Еще более важно, что трансформация заданного пространственного мира («сплошная, беспросветная тьма») напрямую связана с образом протагониста:
Он вглядывался напряженно в потемки, и ему казалось, что сквозь тысячи верст этой тьмы он видит родину, видит родную губернию, свой уезд, Прогонную, видит темноту, дикость, бессердечие и тупое, суровое, скотское равнодушие людей, которых он там покинул; зрение его туманилось от слез, но он все смотрел вдаль, где еле-еле светились бледные огни парохода, и сердце щемило от тоски по родине, и хотелось жить, вернуться домой, рассказать там про свою новую веру и спасти от погибели хотя бы одного человека и прожить без страданий хотя бы один день (Там же).
Следуя за взглядом героя, несложно заметить, что этот взгляд движется как бы сверху вниз, постепенно различая всё более конкретные подробности земного ландшафта: родная губерния, уезд, Прогонная (используя современную аналогию, можно сравнить это со взглядом из идущего на посадку самолета). Таким образом, благодаря герою в пространственном мире рассказа появляются вертикальное измерение и новая точка отсчета — взгляд с высоты неба. Именно человеческое зрение, которое «туманилось от слез», становится в повествовании единственно подлинным, пронизывающим и преодолевающим темноту источником света. Кроме того, как происходит обычно на стадии конвергенции, взгляд героя сводит воедино разрозненные пространственные и темпоральные миры: каторга и родина; прошлое, настоящее и гипотетическое будущее. Само по себе речевое оформление этого фрагмента с его «скорбным накалом», ритмом и звукописью — косвенный признак того, что голос героя поддерживается авторским.
Стихии в лице Якова противостоит воля к смыслу и жалости. Трансформация протагониста, а соответственно, и изображенного мира — реальна.
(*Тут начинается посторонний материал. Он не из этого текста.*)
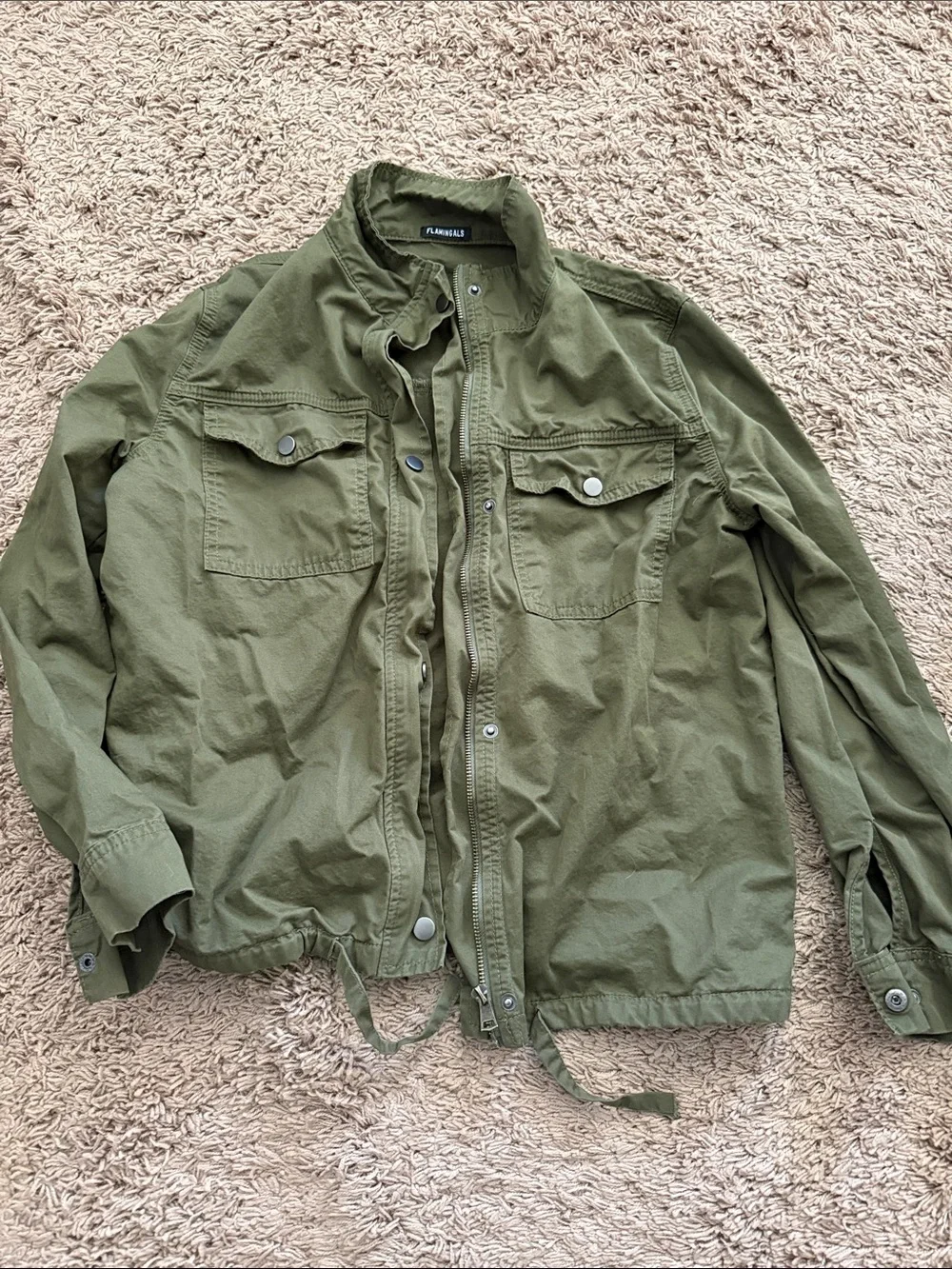 Women’s Flamingals Olive Green Utility Jacket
Но как раз поэтому внутренний монолог Якова должен быть перебит командой надзирателя «Назад!.. Смирно!», являющейся отрезвляющим голосом самой реальности. В жизни Якова никогда не будет такого «одного дня», он никогда не вернется на родину, не сможет передать свой опыт другим людям, следующим поколениям, обреченным, как все Тереховы, проходить тот же путь с самого начала. Но тогда это уже не путь, а екклесиастическое движение по кругу, вечное возвращение к исходной точке. Более того, убедительность и прочность «новой веры» поставлены под вопрос не только извне, но и «изнутри», то есть голосом самого героя:
...почему жребий людей так различен, почему эта простая вера, которую другие получают от Бога даром вместе с жизнью, досталась ему так дорого, что от всех этих ужасов и страданий, которые, очевидно, будут без перерыва продолжаться до самой его смерти, у него трясутся, как у пьяницы, руки и ноги? (9: 160).
Эти вопросы, возможно, предвосхищают будущие «колебания» и сомнения героя (см. [Катаев 1978: 183]). Вопрошание и убежденность, сила и беспомощность, величие и подавленность неразличимо соединяются в образе Якова, в его «новой вере». «Высокая трагедия смысла» и «безнадежная трагедия бессмыслицы» составляют у Чехова парадоксальное единство, где противоположности не отменяют, а скорее предопределяют друг друга, складываясь в просветляюще-безысходную картину мира1.
Примечания
1. По-другому рассказ и его интертекстуальные связи прочитываются в [Durkin 2005].